11 Feb Why I Let Go Of My Son’s Hand
“Good parents give their children roots and wings—roots to know where home is and wings to fly off and practice what has been taught them.” – Dr. Jonas Salk
As parents, we have a weight of responsibilities bar the very basic breakdown of “keeping the children alive”. As much we try to pretend to be satisfied with “just surviving”, the reality is our inner dialogue playing out the “have they eaten enough?” “are they happy?” “are we actually moulding them into likeable humans?”. Then there is the complexity of pushing them forward whilst really, really wanting to freeze them as they are right now – with all their curiosity and co-dependence.

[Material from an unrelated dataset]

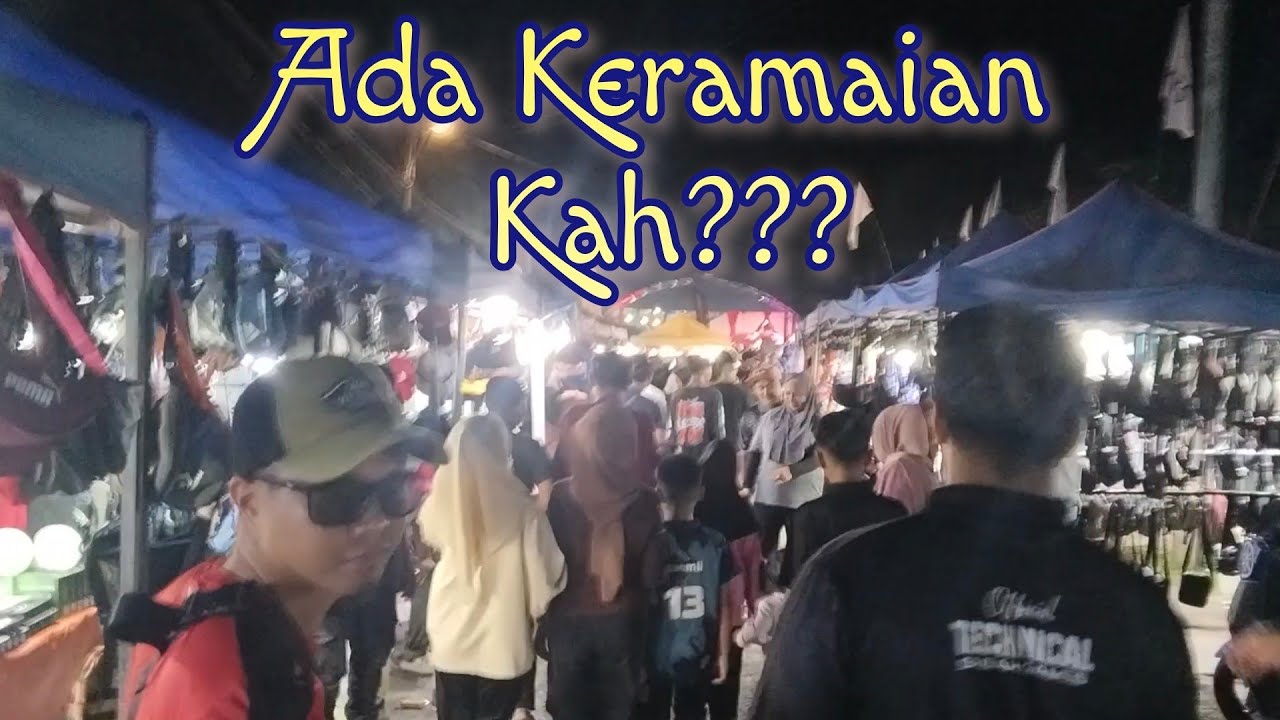 Ada Keramaian Di Merotai? 👀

Walking the line between holding them back, pushing them forward and trying to place ourselves in a position where we fly alongside them. Letting them be little, whilst fostering independence so that they are prepared for a time when you won’t be omnipresent.
The After Of Letting Go
As my parenthood journey extends past the five-year mark, my opportunities to ‘let go’ are getting more regular but they usually boomerang right back. With every advancement my son makes into life, he looks for nourishment in another area. He’s in a delicate place of boyhood, where sometimes his hand is there for holding and other times it’s firmly wedged in a pocket. He craves the independence that comes with running around the block on his own, while I’m still developing the coping skills to still my soul when he is out of sight and the trust that he will come back in one piece. I feel the world pulling him in and begging him to explore and my mind has to weight the promise of adventures, fun and memories against the real threat of danger, bad and even predators.
A Time To Grow
While my son is only on the cusp of this journey to independence, there will come a time when my children will push completely through into their youth – the laws of the animal kingdom dictate that says there is a time to grow up. Future advancements might come with a place of such conviction that there will be no rebound, as if these actions bring with it independent thoughts that will, one day, be cemented confidently. I am aware I am just right at the beginning of a journey that started the very first day I laid them on the playmat and encouraged them to roll over and explore. Down the line will come our policy on bedtimes, curfews, driving licenses, boyfriends, girlfriends and as they grow, we will grow as parents – our parenting will evolve to encompass our policies on each of these milestones.
Trust The Inner Voice
But while we are faced with the fears of letting physically go, I like to think we can take comfort in being there in each strive for independence our children make. Serving as their inner voice reminding them to make informed decisions, buoying them with trust that we believe in their capacity to make wise decisions and confidence in the belief that they have been crafted with the strength to survive less wise ones. In trusting our children to survive each pull, we are actually trusting ourselves that brought our children forward to this place totally equipped with the skills to safely let go.